=== Section Start ===

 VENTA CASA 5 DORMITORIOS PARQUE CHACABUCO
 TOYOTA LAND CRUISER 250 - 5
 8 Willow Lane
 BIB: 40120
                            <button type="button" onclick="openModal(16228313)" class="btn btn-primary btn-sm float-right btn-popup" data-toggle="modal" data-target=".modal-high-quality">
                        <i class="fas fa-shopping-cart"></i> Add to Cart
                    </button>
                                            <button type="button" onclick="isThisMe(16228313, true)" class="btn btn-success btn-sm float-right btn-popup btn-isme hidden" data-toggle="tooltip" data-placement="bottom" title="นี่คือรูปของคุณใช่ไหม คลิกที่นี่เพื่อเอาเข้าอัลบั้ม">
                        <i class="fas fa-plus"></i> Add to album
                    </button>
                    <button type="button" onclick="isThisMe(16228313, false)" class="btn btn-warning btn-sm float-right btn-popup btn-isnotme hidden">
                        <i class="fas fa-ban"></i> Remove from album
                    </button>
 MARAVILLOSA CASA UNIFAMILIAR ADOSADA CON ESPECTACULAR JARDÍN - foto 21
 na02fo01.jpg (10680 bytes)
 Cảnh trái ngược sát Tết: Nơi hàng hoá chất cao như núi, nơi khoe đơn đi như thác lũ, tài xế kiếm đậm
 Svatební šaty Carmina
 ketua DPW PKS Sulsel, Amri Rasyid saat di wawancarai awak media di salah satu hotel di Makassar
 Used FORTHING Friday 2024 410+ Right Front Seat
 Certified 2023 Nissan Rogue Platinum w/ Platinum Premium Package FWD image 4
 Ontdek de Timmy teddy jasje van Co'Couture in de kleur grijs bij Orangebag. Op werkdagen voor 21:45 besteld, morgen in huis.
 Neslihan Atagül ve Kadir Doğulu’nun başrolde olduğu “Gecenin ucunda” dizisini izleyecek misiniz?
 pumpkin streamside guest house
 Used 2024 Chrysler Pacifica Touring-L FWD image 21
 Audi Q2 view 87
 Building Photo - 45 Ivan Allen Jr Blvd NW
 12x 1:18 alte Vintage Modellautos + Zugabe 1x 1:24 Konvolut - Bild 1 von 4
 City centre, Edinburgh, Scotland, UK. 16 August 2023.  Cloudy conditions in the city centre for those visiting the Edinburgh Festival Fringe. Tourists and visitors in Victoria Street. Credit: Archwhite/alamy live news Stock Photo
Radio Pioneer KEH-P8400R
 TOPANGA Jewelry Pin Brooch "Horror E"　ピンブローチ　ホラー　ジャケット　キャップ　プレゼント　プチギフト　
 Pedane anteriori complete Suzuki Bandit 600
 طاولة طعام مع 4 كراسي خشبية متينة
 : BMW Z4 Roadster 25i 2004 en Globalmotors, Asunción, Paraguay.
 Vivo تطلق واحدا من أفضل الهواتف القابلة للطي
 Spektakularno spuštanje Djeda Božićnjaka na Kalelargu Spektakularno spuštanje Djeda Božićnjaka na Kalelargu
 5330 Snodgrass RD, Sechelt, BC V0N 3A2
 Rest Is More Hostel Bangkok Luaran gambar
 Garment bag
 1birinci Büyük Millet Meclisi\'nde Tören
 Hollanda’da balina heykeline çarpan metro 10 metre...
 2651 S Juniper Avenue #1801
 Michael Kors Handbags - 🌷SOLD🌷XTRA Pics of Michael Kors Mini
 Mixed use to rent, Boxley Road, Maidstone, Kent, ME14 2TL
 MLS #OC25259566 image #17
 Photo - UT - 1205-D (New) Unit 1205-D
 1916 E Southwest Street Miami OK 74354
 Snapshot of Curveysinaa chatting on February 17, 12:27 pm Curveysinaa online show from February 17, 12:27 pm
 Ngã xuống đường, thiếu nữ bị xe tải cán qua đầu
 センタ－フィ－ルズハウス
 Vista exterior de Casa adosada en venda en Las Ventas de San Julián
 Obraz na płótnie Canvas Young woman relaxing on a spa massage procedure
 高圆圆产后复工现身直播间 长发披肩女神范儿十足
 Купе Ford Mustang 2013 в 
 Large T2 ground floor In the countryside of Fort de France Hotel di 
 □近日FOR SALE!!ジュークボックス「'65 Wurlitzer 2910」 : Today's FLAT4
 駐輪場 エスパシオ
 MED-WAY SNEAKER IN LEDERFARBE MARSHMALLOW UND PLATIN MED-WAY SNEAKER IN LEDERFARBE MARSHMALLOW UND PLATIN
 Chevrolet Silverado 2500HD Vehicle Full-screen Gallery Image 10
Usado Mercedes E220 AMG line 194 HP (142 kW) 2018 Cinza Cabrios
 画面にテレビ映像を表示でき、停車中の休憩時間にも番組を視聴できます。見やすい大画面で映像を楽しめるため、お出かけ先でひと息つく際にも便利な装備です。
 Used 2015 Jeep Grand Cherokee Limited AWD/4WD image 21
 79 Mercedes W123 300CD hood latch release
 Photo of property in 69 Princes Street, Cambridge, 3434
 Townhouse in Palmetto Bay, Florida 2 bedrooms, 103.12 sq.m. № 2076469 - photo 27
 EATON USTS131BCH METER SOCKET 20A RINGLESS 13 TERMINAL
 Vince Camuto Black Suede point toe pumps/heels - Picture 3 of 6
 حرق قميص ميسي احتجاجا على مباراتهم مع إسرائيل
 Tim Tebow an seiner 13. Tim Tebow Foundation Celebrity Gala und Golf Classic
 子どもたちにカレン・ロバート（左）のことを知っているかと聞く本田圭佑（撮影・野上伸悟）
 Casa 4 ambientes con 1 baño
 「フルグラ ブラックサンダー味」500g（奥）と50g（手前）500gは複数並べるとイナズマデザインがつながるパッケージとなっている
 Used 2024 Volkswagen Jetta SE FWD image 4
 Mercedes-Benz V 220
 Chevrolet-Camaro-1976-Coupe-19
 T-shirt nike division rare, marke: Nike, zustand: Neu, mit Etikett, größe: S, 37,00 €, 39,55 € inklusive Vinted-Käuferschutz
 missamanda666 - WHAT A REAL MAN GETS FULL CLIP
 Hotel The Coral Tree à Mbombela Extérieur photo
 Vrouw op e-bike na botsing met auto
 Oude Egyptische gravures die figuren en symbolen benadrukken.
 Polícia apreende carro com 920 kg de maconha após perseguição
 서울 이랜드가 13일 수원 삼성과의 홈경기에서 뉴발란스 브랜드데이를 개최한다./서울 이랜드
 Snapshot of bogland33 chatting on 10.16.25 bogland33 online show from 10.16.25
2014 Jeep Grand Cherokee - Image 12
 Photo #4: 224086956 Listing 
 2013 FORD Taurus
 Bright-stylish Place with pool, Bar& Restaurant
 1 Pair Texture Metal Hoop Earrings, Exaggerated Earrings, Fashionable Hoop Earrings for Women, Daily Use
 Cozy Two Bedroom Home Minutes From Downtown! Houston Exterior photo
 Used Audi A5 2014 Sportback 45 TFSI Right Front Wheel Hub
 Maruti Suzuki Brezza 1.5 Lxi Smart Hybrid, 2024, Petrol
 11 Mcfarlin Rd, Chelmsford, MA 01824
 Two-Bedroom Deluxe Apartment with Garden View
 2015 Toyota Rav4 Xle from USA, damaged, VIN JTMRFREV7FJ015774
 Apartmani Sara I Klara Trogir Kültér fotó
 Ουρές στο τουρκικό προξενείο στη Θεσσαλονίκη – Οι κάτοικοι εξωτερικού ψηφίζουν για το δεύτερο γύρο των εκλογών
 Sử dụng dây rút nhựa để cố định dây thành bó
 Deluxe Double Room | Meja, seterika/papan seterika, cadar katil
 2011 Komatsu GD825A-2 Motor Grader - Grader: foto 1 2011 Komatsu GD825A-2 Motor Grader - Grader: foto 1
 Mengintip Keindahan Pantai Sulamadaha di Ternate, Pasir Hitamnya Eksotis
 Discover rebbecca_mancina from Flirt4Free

=== Section End ===

_Task details_:
From the line holding "Apartmani Sara I Klara Trogir Kültér fotó" through the final line of the data above, copy every line exactly as written. Include nothing else.

_Solution to the problem_:
 Apartmani Sara I Klara Trogir Kültér fotó
 Ουρές στο τουρκικό προξενείο στη Θεσσαλονίκη – Οι κάτοικοι εξωτερικού ψηφίζουν για το δεύτερο γύρο των εκλογών
 Sử dụng dây rút nhựa để cố định dây thành bó
 Deluxe Double Room | Meja, seterika/papan seterika, cadar katil
 2011 Komatsu GD825A-2 Motor Grader - Grader: foto 1 2011 Komatsu GD825A-2 Motor Grader - Grader: foto 1
 Mengintip Keindahan Pantai Sulamadaha di Ternate, Pasir Hitamnya Eksotis
 Discover rebbecca_mancina from Flirt4Free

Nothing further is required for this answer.